YOUR INSTRUCTIONS: Copy out the first line of the listing and every line after it, exactly, until you have copied the line containing "Miniatura 3 de".

DATASET:
-- Opening Marker --

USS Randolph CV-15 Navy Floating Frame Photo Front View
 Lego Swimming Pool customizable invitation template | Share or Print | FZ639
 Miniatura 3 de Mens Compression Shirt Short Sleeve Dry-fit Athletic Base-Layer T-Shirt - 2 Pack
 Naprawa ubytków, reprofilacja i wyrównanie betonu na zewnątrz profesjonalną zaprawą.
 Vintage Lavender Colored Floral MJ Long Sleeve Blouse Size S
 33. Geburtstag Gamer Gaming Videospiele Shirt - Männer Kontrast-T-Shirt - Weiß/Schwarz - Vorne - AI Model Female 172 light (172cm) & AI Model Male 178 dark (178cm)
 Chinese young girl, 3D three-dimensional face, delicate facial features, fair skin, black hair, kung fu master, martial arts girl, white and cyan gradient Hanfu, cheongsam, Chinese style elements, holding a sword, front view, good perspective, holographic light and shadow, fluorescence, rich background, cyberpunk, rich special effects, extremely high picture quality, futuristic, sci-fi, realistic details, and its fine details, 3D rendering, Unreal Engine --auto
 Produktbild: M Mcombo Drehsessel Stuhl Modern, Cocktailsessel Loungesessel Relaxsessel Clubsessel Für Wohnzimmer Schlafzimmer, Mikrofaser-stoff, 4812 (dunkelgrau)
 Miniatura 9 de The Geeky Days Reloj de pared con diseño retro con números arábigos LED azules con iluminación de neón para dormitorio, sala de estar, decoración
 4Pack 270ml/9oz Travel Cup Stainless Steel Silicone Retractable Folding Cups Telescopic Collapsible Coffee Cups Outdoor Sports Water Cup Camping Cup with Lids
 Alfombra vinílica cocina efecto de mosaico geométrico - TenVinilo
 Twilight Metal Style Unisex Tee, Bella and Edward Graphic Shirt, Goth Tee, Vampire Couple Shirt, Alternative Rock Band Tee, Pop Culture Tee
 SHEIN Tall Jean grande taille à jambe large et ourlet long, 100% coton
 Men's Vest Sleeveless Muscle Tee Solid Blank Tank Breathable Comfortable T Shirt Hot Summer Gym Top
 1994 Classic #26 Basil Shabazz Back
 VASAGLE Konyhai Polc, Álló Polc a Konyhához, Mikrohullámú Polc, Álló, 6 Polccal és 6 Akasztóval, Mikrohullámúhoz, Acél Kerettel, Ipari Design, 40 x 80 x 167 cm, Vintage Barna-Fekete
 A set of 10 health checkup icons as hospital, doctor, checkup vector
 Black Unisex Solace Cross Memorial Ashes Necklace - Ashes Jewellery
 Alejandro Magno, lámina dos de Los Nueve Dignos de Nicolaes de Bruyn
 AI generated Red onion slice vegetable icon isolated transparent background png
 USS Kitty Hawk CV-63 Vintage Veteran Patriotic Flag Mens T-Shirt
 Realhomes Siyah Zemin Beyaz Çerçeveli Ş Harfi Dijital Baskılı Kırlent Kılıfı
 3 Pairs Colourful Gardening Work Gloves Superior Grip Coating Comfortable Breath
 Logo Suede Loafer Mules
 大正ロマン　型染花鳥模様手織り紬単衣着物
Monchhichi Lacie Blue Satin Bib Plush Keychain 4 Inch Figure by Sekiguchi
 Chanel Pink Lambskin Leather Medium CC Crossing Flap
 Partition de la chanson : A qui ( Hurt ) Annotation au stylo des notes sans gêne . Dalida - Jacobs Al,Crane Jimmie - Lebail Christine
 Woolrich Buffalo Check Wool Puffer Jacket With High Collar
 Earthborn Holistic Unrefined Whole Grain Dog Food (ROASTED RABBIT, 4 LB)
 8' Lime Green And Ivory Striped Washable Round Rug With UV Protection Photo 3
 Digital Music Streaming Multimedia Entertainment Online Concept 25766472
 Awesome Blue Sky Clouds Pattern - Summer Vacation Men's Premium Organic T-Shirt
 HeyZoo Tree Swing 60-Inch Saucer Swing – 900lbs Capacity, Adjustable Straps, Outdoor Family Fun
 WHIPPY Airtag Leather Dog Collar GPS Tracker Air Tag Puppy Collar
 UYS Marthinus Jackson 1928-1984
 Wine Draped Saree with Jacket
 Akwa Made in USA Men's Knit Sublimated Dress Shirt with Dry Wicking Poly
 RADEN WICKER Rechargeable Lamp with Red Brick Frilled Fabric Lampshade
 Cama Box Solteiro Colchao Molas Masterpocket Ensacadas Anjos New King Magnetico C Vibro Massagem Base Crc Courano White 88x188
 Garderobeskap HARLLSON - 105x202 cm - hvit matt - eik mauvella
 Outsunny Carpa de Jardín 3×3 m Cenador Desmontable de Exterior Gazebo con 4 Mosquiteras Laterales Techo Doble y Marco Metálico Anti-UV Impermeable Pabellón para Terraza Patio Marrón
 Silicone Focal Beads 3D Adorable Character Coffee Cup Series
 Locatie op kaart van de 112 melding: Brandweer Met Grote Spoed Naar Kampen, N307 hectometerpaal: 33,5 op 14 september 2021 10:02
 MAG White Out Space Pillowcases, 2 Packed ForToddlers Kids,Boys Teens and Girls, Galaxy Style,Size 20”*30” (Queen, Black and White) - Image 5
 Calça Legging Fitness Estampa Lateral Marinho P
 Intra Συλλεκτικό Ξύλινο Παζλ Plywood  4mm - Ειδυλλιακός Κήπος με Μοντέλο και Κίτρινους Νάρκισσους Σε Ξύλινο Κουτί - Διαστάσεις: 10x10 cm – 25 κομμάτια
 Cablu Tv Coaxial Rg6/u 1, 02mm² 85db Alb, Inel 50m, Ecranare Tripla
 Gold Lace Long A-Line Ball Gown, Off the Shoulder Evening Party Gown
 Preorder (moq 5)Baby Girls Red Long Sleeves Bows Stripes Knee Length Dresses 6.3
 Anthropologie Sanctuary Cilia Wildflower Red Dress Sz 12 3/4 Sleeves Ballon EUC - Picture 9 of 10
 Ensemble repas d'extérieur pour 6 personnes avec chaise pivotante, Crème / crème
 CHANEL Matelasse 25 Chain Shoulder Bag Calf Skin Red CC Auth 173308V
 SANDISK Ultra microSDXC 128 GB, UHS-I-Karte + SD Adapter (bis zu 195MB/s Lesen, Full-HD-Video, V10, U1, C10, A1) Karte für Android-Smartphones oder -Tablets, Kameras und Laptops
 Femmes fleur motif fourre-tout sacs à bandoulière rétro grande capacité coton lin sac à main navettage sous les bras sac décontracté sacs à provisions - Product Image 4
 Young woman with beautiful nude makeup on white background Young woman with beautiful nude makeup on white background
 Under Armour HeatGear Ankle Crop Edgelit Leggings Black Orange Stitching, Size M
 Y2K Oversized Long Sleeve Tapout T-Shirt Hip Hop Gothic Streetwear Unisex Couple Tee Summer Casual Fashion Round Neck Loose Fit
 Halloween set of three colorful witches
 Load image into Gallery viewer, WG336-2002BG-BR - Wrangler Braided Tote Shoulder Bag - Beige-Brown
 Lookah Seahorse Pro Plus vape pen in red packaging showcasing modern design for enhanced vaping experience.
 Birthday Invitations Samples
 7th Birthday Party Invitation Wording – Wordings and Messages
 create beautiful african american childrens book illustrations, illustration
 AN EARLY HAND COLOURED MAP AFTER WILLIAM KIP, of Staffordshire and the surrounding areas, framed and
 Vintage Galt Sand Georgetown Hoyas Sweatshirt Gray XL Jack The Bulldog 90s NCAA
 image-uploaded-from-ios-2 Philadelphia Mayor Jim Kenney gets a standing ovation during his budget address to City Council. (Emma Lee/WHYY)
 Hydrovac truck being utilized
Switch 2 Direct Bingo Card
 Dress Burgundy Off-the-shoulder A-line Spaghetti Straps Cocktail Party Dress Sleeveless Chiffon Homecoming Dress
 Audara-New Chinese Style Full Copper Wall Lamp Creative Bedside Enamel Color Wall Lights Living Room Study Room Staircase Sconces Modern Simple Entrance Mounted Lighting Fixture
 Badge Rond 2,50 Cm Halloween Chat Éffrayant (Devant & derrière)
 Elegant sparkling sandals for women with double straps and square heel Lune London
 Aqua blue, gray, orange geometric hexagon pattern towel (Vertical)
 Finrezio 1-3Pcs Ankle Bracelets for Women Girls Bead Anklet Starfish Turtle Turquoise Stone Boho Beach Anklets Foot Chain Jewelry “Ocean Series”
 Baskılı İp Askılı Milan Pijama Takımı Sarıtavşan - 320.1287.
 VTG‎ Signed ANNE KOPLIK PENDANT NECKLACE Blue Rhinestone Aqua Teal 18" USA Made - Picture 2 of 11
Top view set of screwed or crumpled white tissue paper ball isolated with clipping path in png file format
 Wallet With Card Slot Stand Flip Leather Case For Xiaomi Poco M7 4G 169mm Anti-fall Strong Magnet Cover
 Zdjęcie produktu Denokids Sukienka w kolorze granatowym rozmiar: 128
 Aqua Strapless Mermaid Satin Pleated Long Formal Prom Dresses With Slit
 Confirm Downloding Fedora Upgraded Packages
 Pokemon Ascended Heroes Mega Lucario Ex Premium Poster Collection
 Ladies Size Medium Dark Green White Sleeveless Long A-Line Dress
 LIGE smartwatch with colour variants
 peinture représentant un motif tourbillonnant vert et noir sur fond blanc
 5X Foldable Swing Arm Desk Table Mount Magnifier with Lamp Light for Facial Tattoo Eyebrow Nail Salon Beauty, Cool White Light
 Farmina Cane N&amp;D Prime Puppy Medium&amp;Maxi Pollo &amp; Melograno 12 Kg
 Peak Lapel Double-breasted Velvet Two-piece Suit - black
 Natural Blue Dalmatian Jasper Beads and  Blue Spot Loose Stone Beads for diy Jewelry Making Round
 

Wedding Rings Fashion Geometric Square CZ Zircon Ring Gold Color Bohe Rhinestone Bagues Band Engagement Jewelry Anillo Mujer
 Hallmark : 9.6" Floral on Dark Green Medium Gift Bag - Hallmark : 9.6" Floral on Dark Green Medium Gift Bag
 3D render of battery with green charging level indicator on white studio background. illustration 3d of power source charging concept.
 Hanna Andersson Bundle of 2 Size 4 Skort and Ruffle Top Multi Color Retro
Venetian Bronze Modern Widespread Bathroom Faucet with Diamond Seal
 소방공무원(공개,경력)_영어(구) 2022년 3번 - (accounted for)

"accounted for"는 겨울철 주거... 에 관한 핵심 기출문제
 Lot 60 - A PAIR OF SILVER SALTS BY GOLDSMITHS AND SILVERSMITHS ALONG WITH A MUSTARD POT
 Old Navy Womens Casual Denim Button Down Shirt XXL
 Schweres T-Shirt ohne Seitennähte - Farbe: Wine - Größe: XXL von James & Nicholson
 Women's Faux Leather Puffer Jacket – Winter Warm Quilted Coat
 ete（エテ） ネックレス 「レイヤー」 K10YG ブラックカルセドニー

-- Closing Marker --

ANSWER TO THIS EXERCISE:
USS Randolph CV-15 Navy Floating Frame Photo Front View
 Lego Swimming Pool customizable invitation template | Share or Print | FZ639
 Miniatura 3 de Mens Compression Shirt Short Sleeve Dry-fit Athletic Base-Layer T-Shirt - 2 Pack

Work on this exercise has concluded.